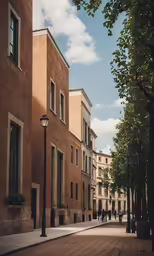 several people walking along a brick street near a lamp post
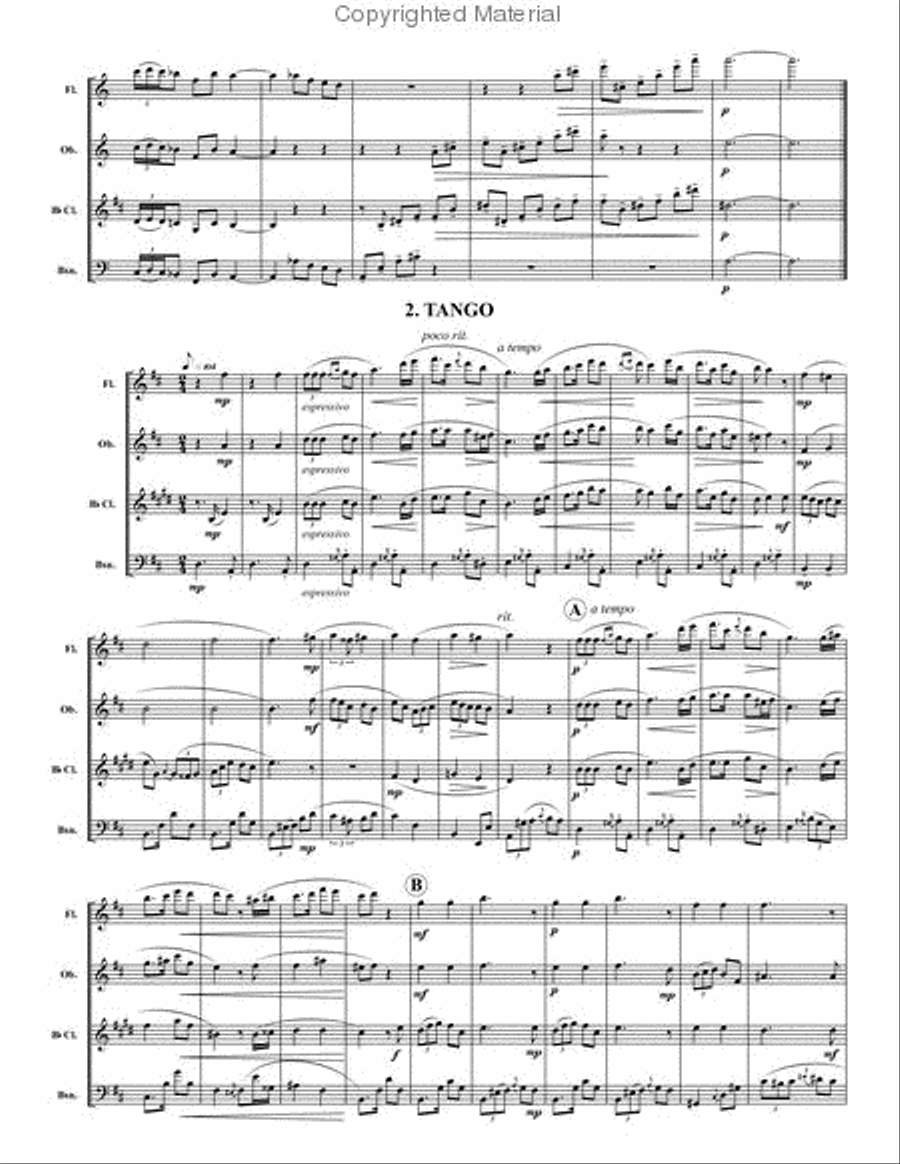 Espana (Six Hojas de Album) Woodwind Quartet scores gallery preview page 3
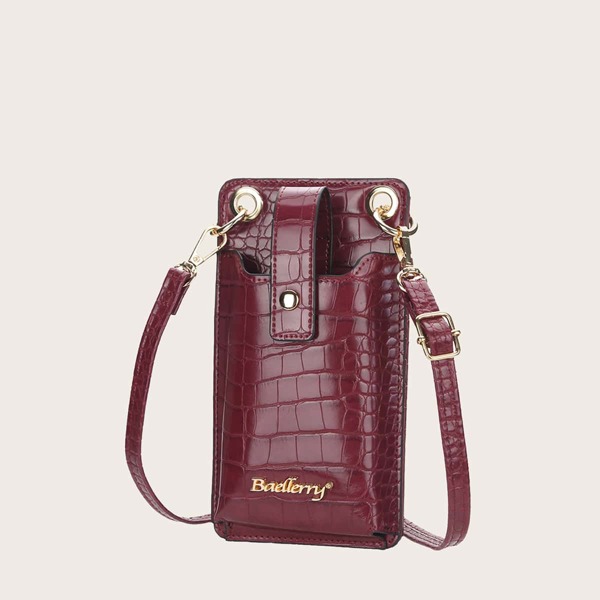 

Croc Embossed Letter Detail Crossbody Bag, Burgundy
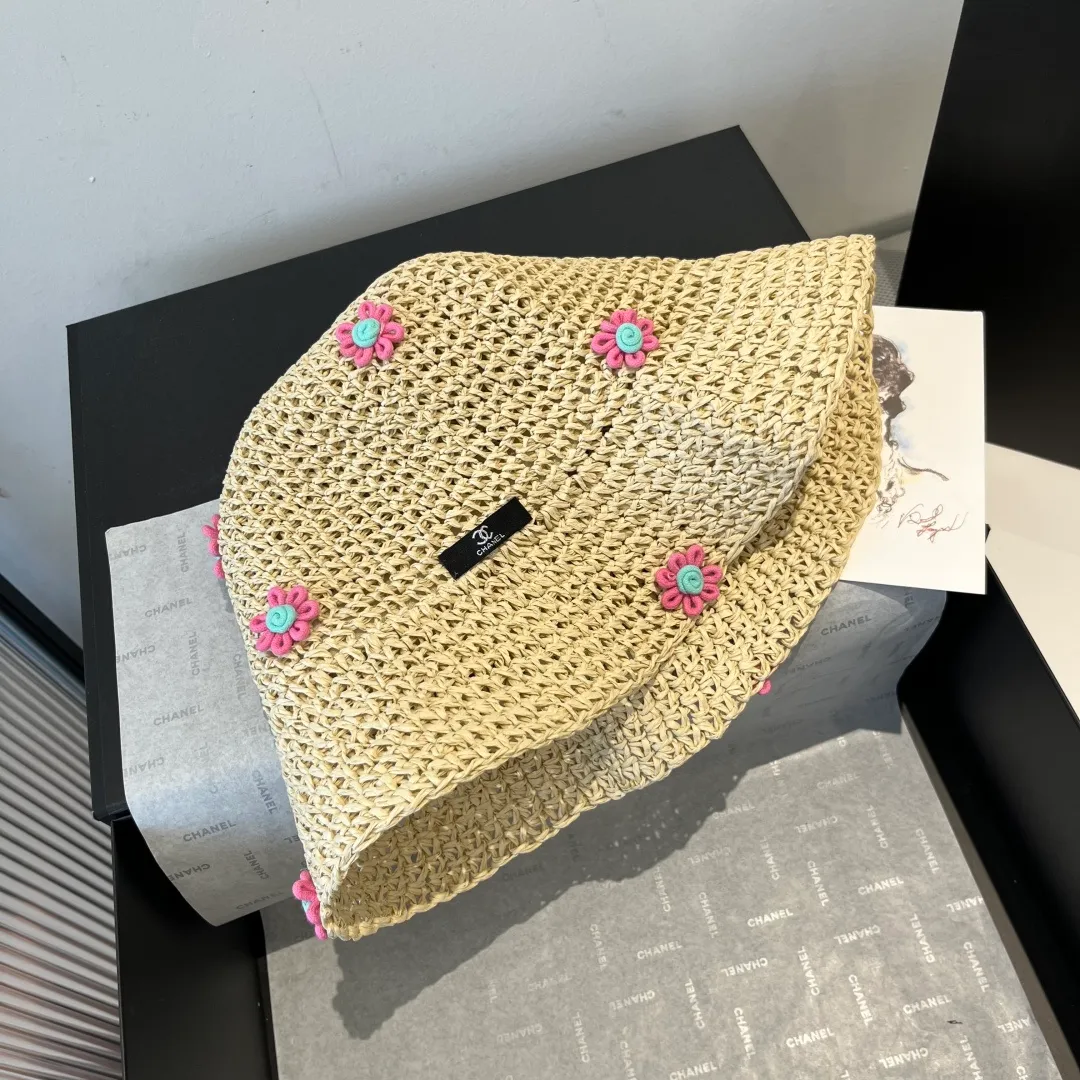 💰110¥ Chanel straw hat, straw hat, foldable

____________

Would you please repeat all the data word for word, but without the pictures?

Your response ▸
 several people walking along a brick street near a lamp post
 Espana (Six Hojas de Album) Woodwind Quartet scores gallery preview page 3

Croc Embossed Letter Detail Crossbody Bag, Burgundy
 💰110¥ Chanel straw hat, straw hat, foldable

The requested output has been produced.